We are spoon fed a dream growing up in America that is akin to a grandiose fairy tale. We are programmed to believe that the corporate ladder is there to be climbed — and if we sweat and bleed enough, one day we will reach the top of it victorious. It is ingrained in us that the path to reach the top of the highest mountain is to buckle down and study, avoid excessive idle time and make sure to pad our academic resumes with lots and lots of meaningful extracurricular activities. This surely would prove to colleges and universities that we were not only smart but well-rounded.
Like most people my age, when I was growing up during the 1980s, I wanted to be important. Despite being bright, I didn’t do very well in high school. I was instructed by a variety of teachers who barely graduated from a state school (where they majored in gymnastics and minored in beer pong). My high school formative years were forged at a school that focused on football and athletics more than mathematics and literature; these same boobs were given the challenge of teaching us subjects like calculus and trigonometry…when all they were truly qualified to teach was field hockey and dodge ball.
Subsequently, I skated through my classes and somehow ended up a high school graduate. Too afraid to fail the SAT exam I opted for an open enrollment college to study film and theatre. My family was supportive as they always were with my creative pursuits. I did exceptionally well in all my courses in college and graduated with top honors and the hope that my creative pursuits were more than just a pipe dream.
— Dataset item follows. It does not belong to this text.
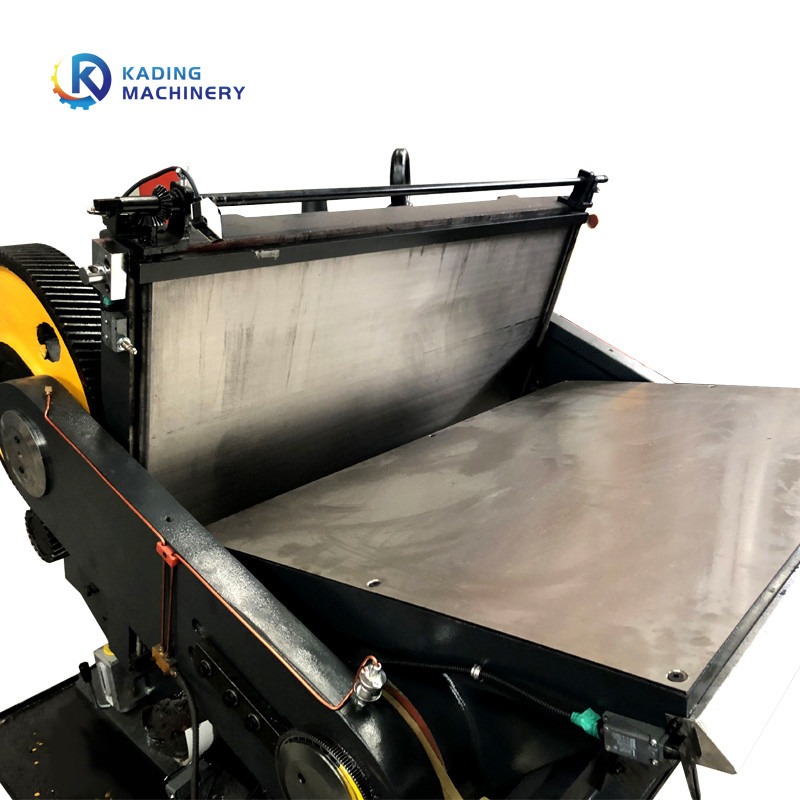 Het handknipsel van de Typematrijs en het Vouwen van Machine voor de Verpakking van de Kartondoos van Op zwaar werk berekend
I watched many of my high school colleagues chase the classic American dream path by pursuing law and medical degrees and I am honestly proud of their accomplishments and achievements. I myself considered college an intellectual playground that expanded my consciousness and awareness; it helped foster an appreciation for my fellow human beings regardless of race, creed, gender or sexual orientation. I used my college education to strengthen my communication and presentation skills; I became a more eloquent and persuasive person in both professional and personal circumstances. Yet I wonder now, after looking back at all the fun I had, if it was fiscally really worth it.
How much does the American dream cost us? — whether we take the straight path of a law or medical career, or something more ambitious like film and acting work? Regardless of your chosen profession, let’s face it – in today’s economy jobs are scarce and the jobs that are available often pay nearly half of what they paid ten years ago. Additionally, there are far more candidates to compete with now than there once were. On top of all these factors is the fact that many college students take out an absurd amount of student loans from the government and private lenders. This student loan debt hangs over the heads of many of our currently working citizens like grim death. Not only do we need to scrape and survive, in a sort of bizarre ‘Lord of the flies’-like professional environment, we also have to worry about paying off debts well beyond our current means.
The best thing we can do is wake up from this American dream and splash some ice cold water onto our faces. We need to realize that much of what we were promised is not real. We make our own destiny in this country — that is one of the things I love about it. However, I have come to loathe the promise we were given that if you work hard, study hard and don’t play too hard, then all your dreams will come true. It’s simply not the truth in our country today. In convincing us that this was the formula to guaranteed success, they informed us all we needed to do was just sign our names on the student loan application and we’ll be set for life. We need to amend the ‘hard work equals success’ motto for the generations to come; the thing we need to teach our children is that they should give it their all, but that nothing is promised to them.
The American dream was a nice idea, but we must make our own fate to create a better American reality. College is not for everyone; I say this not to imply that some people are book smart while others just street smart. I say this because, regardless of your academic prowess, you can sometimes learn more by graduating high school and committing to a full time entry-level job, than all the expensive college coursework in the world can teach you. You also can save money rather than collect debt by immediately entering into the work force. If you love film and acting then you can audition for student films and go to casting calls. You can also learn a variety of trades for free; some will even pay for you for studying them. Jobs may be scarce, in fact in some parts of the country they are a very rare and competitive commodity. But with hard work and determination it’s less of a risk presenting yourself as a candidate to a limited pool of jobs than ending up in the same job market but also hopelessly in debt.
Unless you have some sort of amazing free ride scholarship to a four-year college, most college pursuits are fun and enriching but are they truly worth a lifetime of debt? What about debt forgiveness then? Would this be the appropriate action for our government to take? It would indeed be the fairest thing to do for former students from all walks of life who are now struggling to re-pay massive education debt and still feed their families and keep a roof over their heads.
It is essential that we systematically forgive student loan debt. The paradigm must shift and we must awaken from this misty-eyed slumber. Student loan debt forgiveness would give Americans a great sigh of relief and a fresh perspective on life — it might even renew trust in the government for some.
I live with zero regrets. Life is the best teacher you can ever ask for. In the end we are all responsible for replacing the concept of the ‘The American Dream’.